Much of the music here constitutes a romance with a fantasy. All of it refracts music of the past: Nordraak’s Funeral March for Edvard Grieg, Pauline Hall’s folk-song arrangements and music by Strauss, Mahler, Berg, Bruckner and Schoenberg. The ‘harmonium repertoire’ of the title track consists of harmonium parts from orchestral scores by the latter five sprung from their original contexts, filtered as if through faltering memory. The strings accompanying an Indian harmonium (made in Southall, London) yearn to tell of what’s missing – to fill in gaps or sing a full phrase – but are stopped short. Grand yet teasingly quiet chords at the end of the second movement suggest a big resolution, a transcendence, happening somewhere out of vision. The dark, reedy tones of the fourth movement eventually give way to a sampled funeral march to create distance (an old trick Grieg used to pull using more analogue techniques). Everywhere, stalking darkness prevents the music from ever getting too comfy.
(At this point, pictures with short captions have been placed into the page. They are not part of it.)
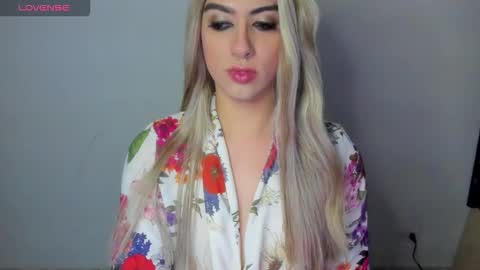  ashley   online show from March 6, 9:06 am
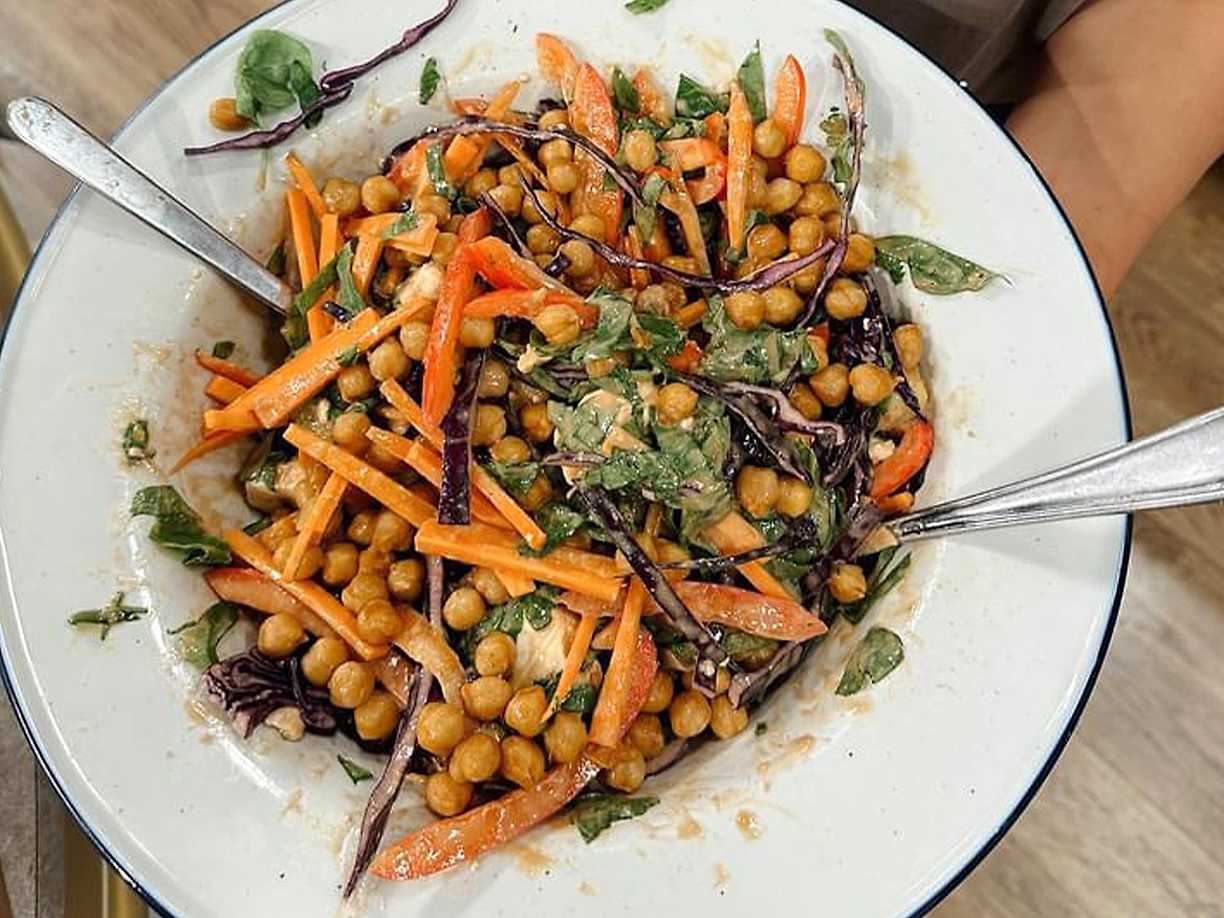 Kikärtssallad med jordnötsdressing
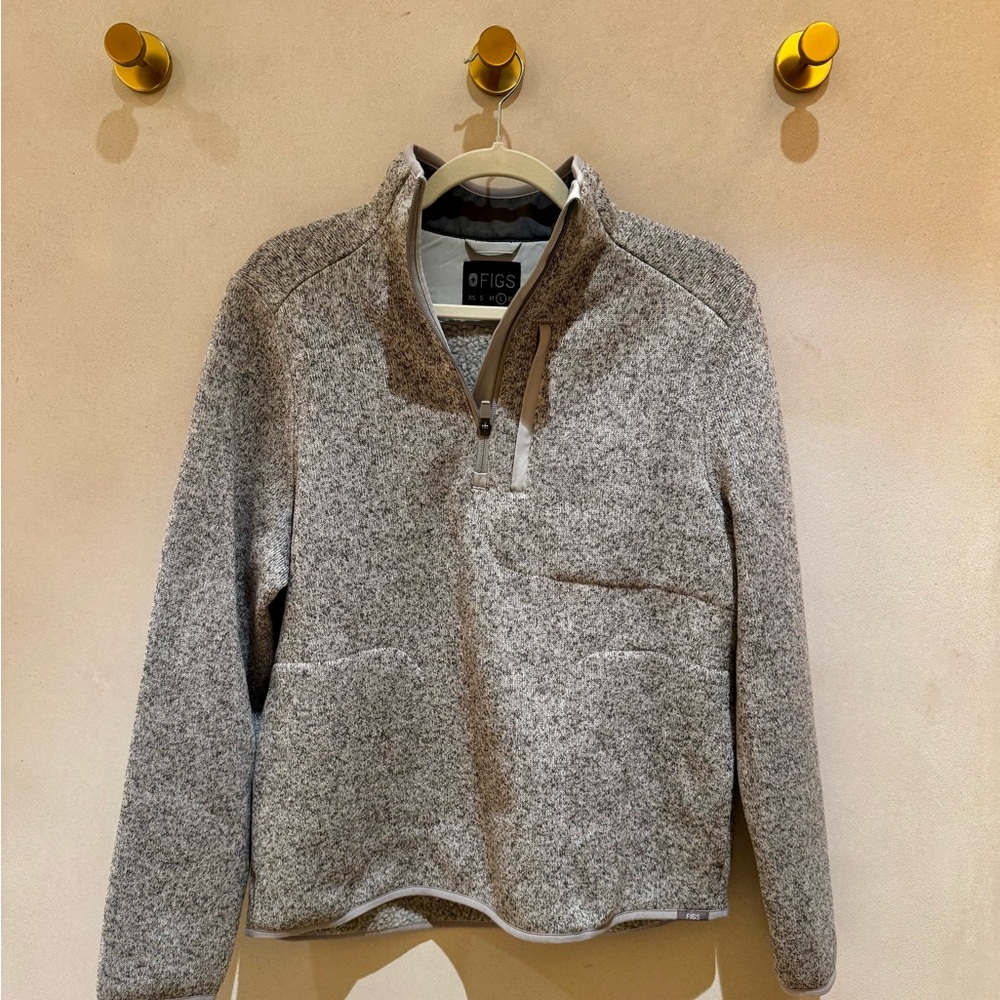 Figs Women's Heathered Gray Quarter-Zip Pullover Sweater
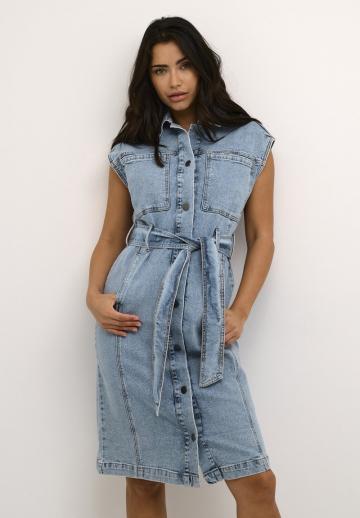 Джинсовая жилетка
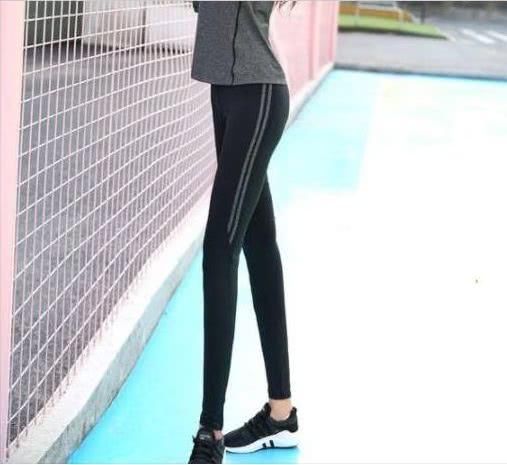 爱穿打底裤的健美美女，给人青春洋溢的感觉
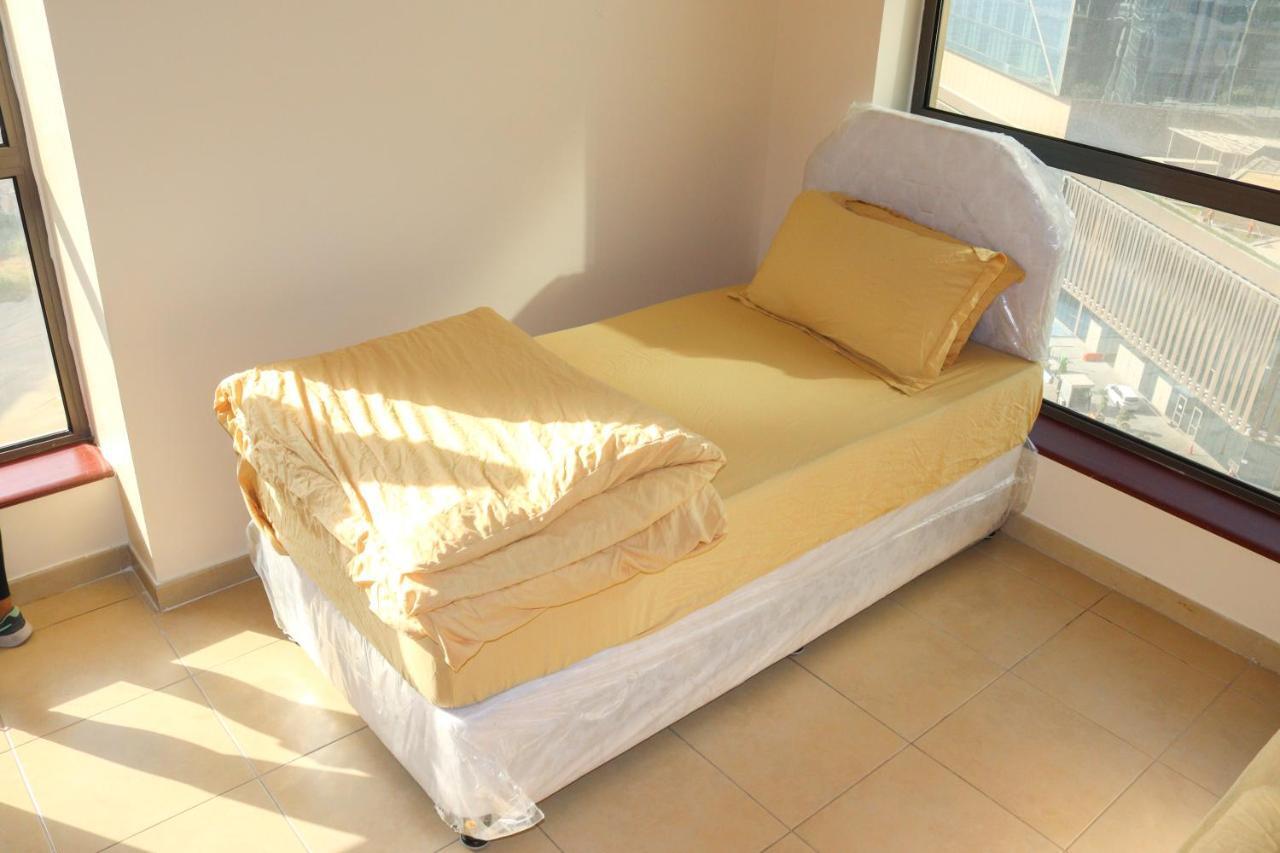 California Hostel Dubai Beach Esterno foto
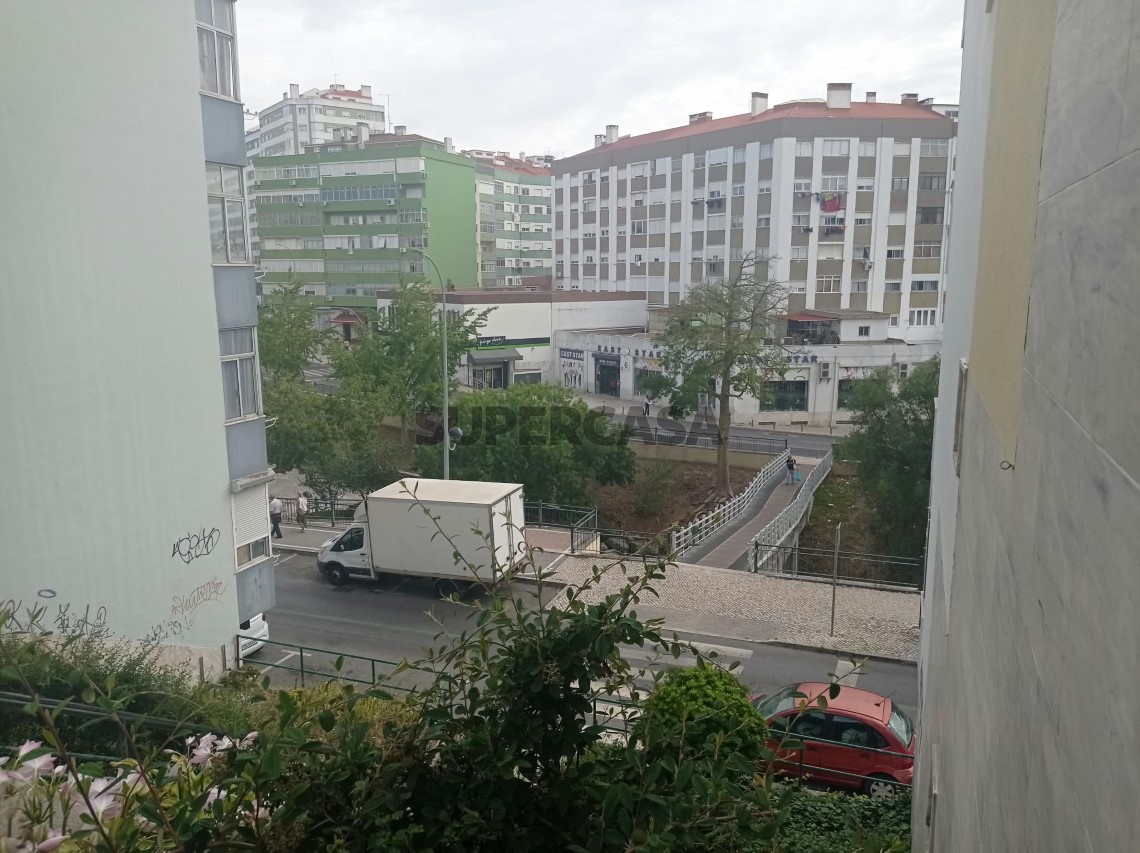 Apartamento T2 em Casal de São Brás, Amadora
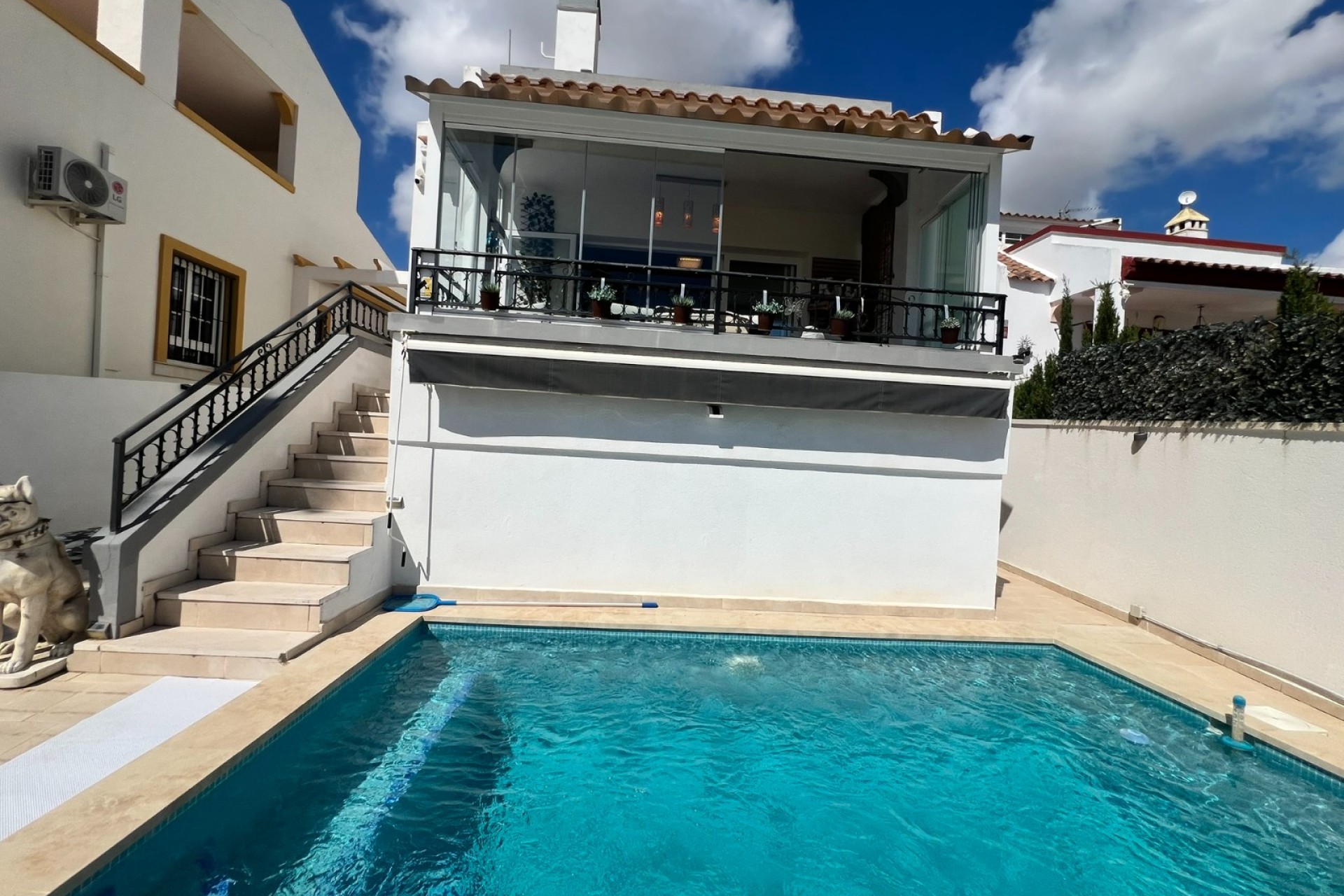 Resale - Villa - Villamartín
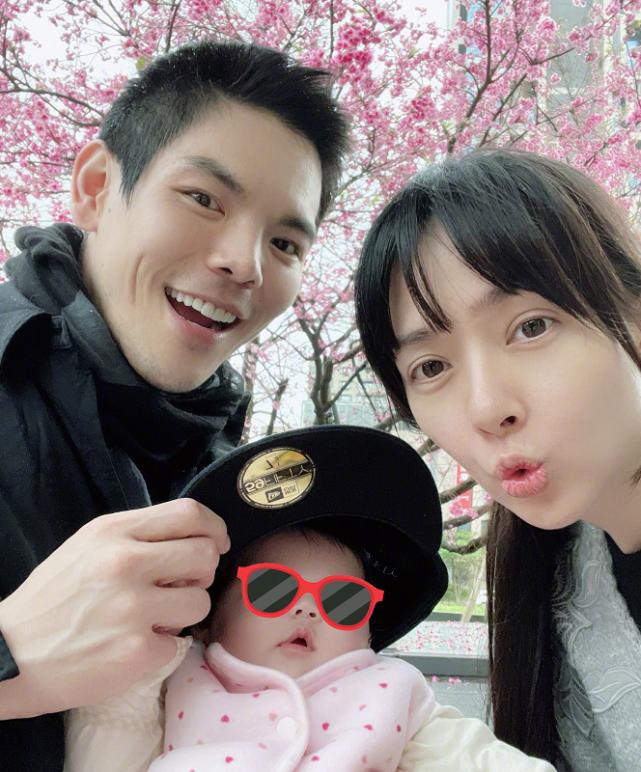 郭碧婷二胎产后首露面图片,郭碧婷芭比粉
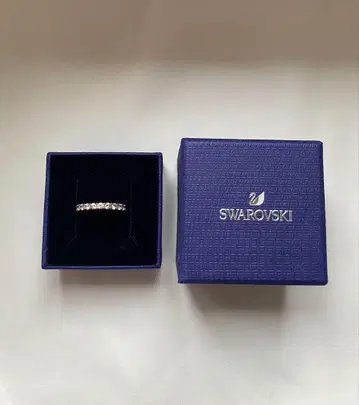 스와로브스키 비토레 50 반지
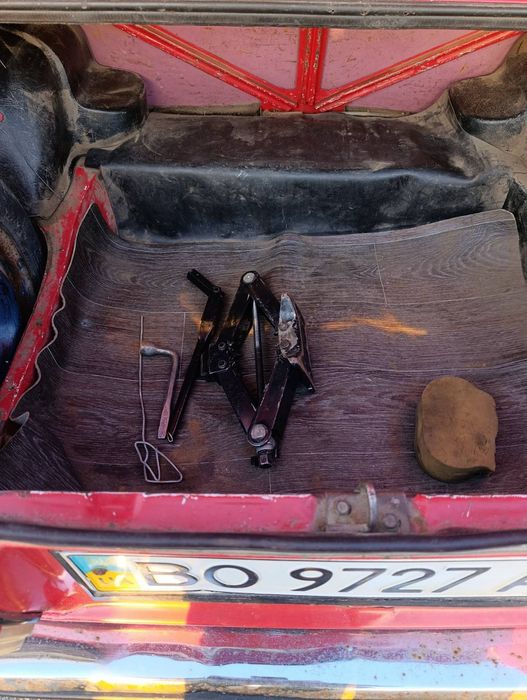 Продам   ВАЗ 2107 ....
Three Transfigurations consists of fantasy recollections of Richard Strauss (a composer who had real reasons to lament lost traditions) – controlled, eloquent miniatures for strings and harmonium rooted in simple but resonant diatonic harmonies. Funeral March for Edvard Grieg replaces the inflated grandeur of Nordraak’s original with something entirely different and not devoid of optimism. Microtonal techniques and a garland of fluorescent electronic colours pull it into the ‘now’, just as, strangely, Pauline Hall’s tonally drifting piano, now in Hagen’s possession and tenderly played here by Kenneth Karlsson, does her own folk-song arrangements.
Before he was fully at ease with his own gentle, smiling provocation, Hagen had his work Passage (2000) performed under a pseudonym. The work was inspired by Daniel Libeskind’s Jewish Museum in Berlin but written in Edvard Munch’s seaside house at Warnemünde, where the composer responded strongly to being alone in an isolated, summer seaside resort in the depths of winter. Accordingly, Passage is an emotionally intense piece concerned with memory but also with the space and light of architecture and the sharply cut scars and gashes of Libeskind’s building (and something of its zig-zag form). All is straight and angled, but for curving cello glissandos; we’re in a hesitant, contemplative world until the final movement’s bid for escape. Tenderly performed, it’s a handsome way of using the past to overcome the present.